The task in this dataset is to predict the quality of red wine based on its chemical properties like pH, alcohol content, and acidity.
import pandas as pd
url = "https://archive.ics.uci.edu/ml/machine-learning-databases/wine-quality/winequality-red.csv"
wine_data = pd.read_csv(url, sep=";")
fixed acidity | volatile acidity | citric acid | residual sugar | chlorides | free sulfur dioxide | total sulfur dioxide | density | pH | sulphates | alcohol | quality |
---|---|---|---|---|---|---|---|---|---|---|---|
7.4 | 0.7 | 0 | 1.9 | 0.076 | 11 | 34 | 0.9978 | 3.51 | 0.56 | 9.4 | 5 |
7.8 | 0.88 | 0 | 2.6 | 0.098 | 25 | 67 | 0.9968 | 3.2 | 0.68 | 9.8 | 5 |
7.8 | 0.76 | 0.04 | 2.3 | 0.092 | 15 | 54 | 0.997 | 3.26 | 0.65 | 9.8 | 5 |
11.2 | 0.28 | 0.56 | 1.9 | 0.075 | 17 | 60 | 0.998 | 3.16 | 0.58 | 9.8 | 6 |
7.4 | 0.7 | 0 | 1.9 | 0.076 | 11 | 34 | 0.9978 | 3.51 | 0.56 | 9.4 | 5 |
We split the dataset into features and labels, and then split the data into training and test sets.
from sklearn.model_selection import train_test_split
X = wine_data.drop('quality', axis=1)
y = wine_data['quality']
X_train, X_test, y_train, y_test = train_test_split(X, y, test_size=0.3, random_state=42)
The train_test_split
function from the sklearn.model_selection
module with the test_size
parameter set to 0.3 splits the data into 70% training and 30% test sets.
First, let’s train a KNN model without feature scaling and calculate its accuracy.
from sklearn.neighbors import KNeighborsClassifier
from sklearn.metrics import accuracy_score
knn = KNeighborsClassifier()
knn.fit(X_train, y_train)
y_pred = knn.predict(X_test)
accuracy = accuracy_score(y_test, y_pred)
The accuracy of the KNN model without feature scaling is 48.54%.
Let’s see if scaling the features improves the model’s performance. First, with Standardization.
from sklearn.preprocessing import StandardScaler
X_train_standard = standard_scaler.fit_transform(X_train)
X_test_standard = standard_scaler.transform(X_test)
knn_standard = KNeighborsClassifier()
knn_standard.fit(X_train_standard, y_train)
y_pred_standard = knn_standard.predict(X_test_standard)

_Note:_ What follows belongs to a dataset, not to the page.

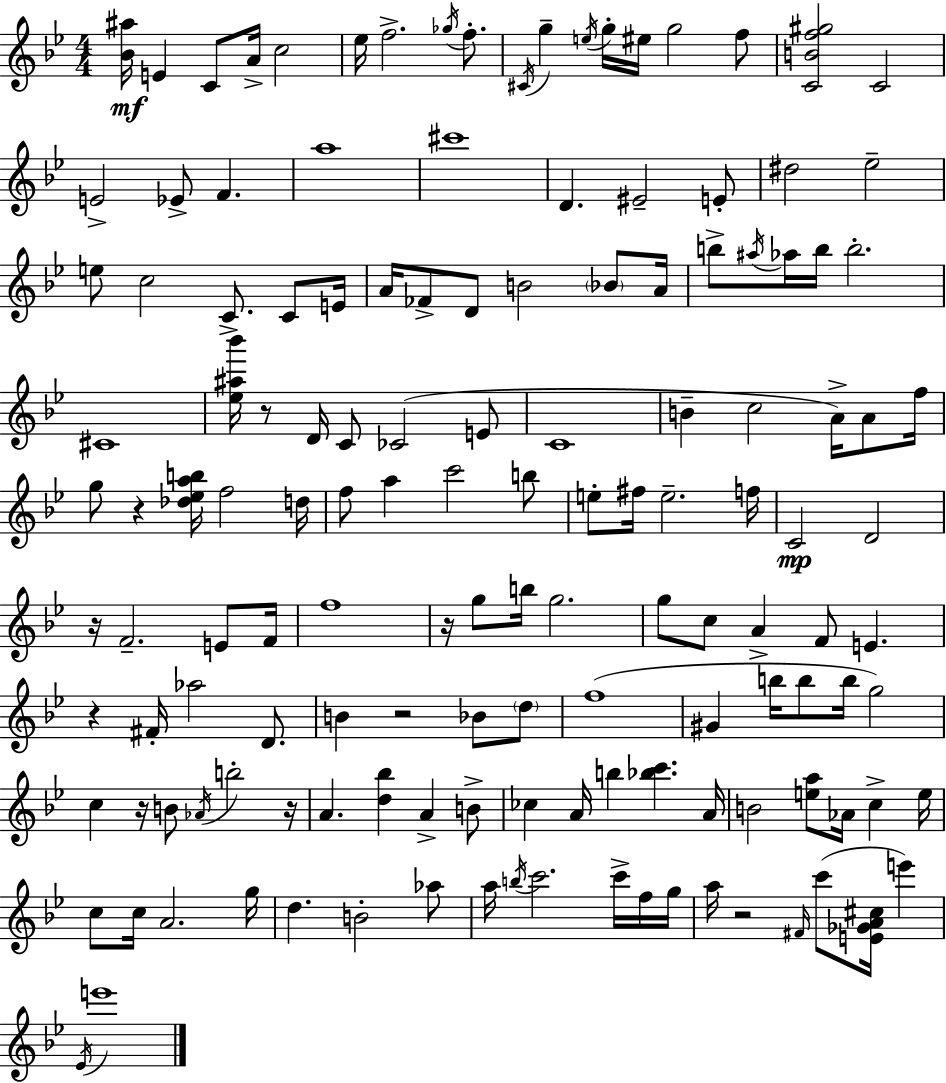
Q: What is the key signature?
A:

accuracy_standard = accuracy_score(y_test, y_pred_standard)
Remember to always fit the scaler on the training set and then use it to transform both the training and test sets.

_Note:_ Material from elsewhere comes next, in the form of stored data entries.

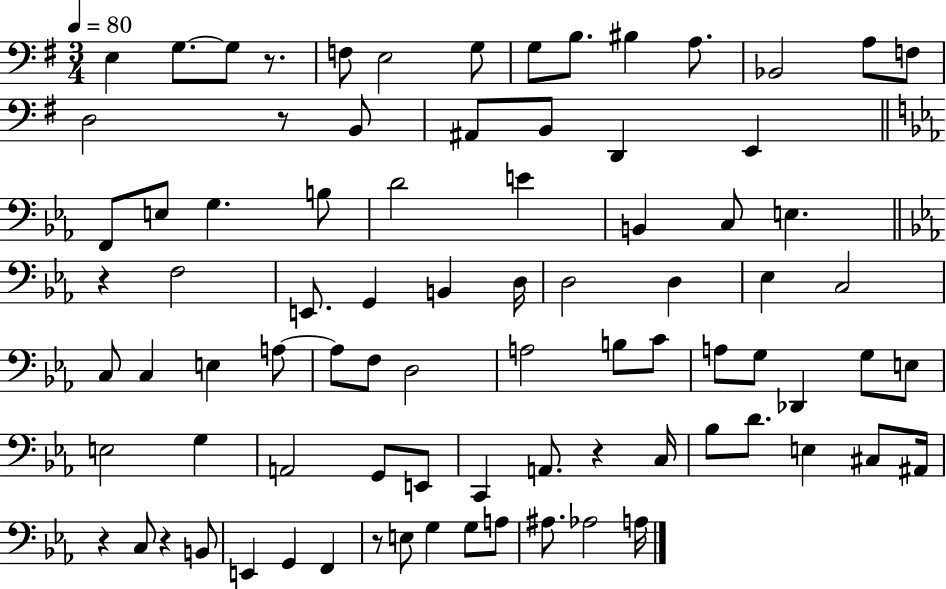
X:1
T:Untitled
M:3/4
L:1/4
K:G
E, G,/2 G,/2 z/2 F,/2 E,2 G,/2 G,/2 B,/2 ^B, A,/2 _B,,2 A,/2 F,/2 D,2 z/2 B,,/2 ^A,,/2 B,,/2 D,, E,, F,,/2 E,/2 G, B,/2 D2 E B,, C,/2 E, z F,2 E,,/2 G,, B,, D,/4 D,2 D, _E, C,2 C,/2 C, E, A,/2 A,/2 F,/2 D,2 A,2 B,/2 C/2 A,/2 G,/2 _D,, G,/2 E,/2 E,2 G, A,,2 G,,/2 E,,/2 C,, A,,/2 z C,/4 _B,/2 D/2 E, ^C,/2 ^A,,/4 z C,/2 z B,,/2 E,, G,, F,, z/2 E,/2 G, G,/2 A,/2 ^A,/2 _A,2 A,/4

The accuracy of the KNN model with Standardization is 57.08%.
Let’s see if Min-Max scaling can do better.
min_max_scaler = MinMaxScaler()
X_train_min_max = min_max_scaler.fit_transform(X_train)
X_test_min_max = min_max_scaler.transform(X_test)

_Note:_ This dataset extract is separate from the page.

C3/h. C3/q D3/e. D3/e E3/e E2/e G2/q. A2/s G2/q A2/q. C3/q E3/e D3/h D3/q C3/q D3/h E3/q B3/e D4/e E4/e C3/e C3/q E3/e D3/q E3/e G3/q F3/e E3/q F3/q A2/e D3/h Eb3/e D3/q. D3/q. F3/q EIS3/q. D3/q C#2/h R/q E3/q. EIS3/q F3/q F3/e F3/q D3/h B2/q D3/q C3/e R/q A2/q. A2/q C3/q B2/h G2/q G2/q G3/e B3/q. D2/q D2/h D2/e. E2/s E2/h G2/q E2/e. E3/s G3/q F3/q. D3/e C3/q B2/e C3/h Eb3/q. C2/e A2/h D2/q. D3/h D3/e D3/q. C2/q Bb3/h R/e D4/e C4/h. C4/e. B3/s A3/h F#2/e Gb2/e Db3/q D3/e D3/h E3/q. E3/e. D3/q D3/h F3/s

knn_min_max = KNeighborsClassifier()
knn_min_max.fit(X_train_min_max, y_train)
y_pred_min_max = knn_min_max.predict(X_test_min_max)
accuracy_min_max = accuracy_score(y_test, y_pred_min_max)
The accuracy of the KNN model with Min-Max scaling is 56.25%, which is better than KNN without feature scaling but worse than KNN with Standardization.
In this case, it’s an easy choice to go with Standardization.
The most important thing I wanted to show you in this article is that feature scaling makes a huge difference in the performance of the KNN algorithm, even more than in the case of logistic regression and SVMs, for example.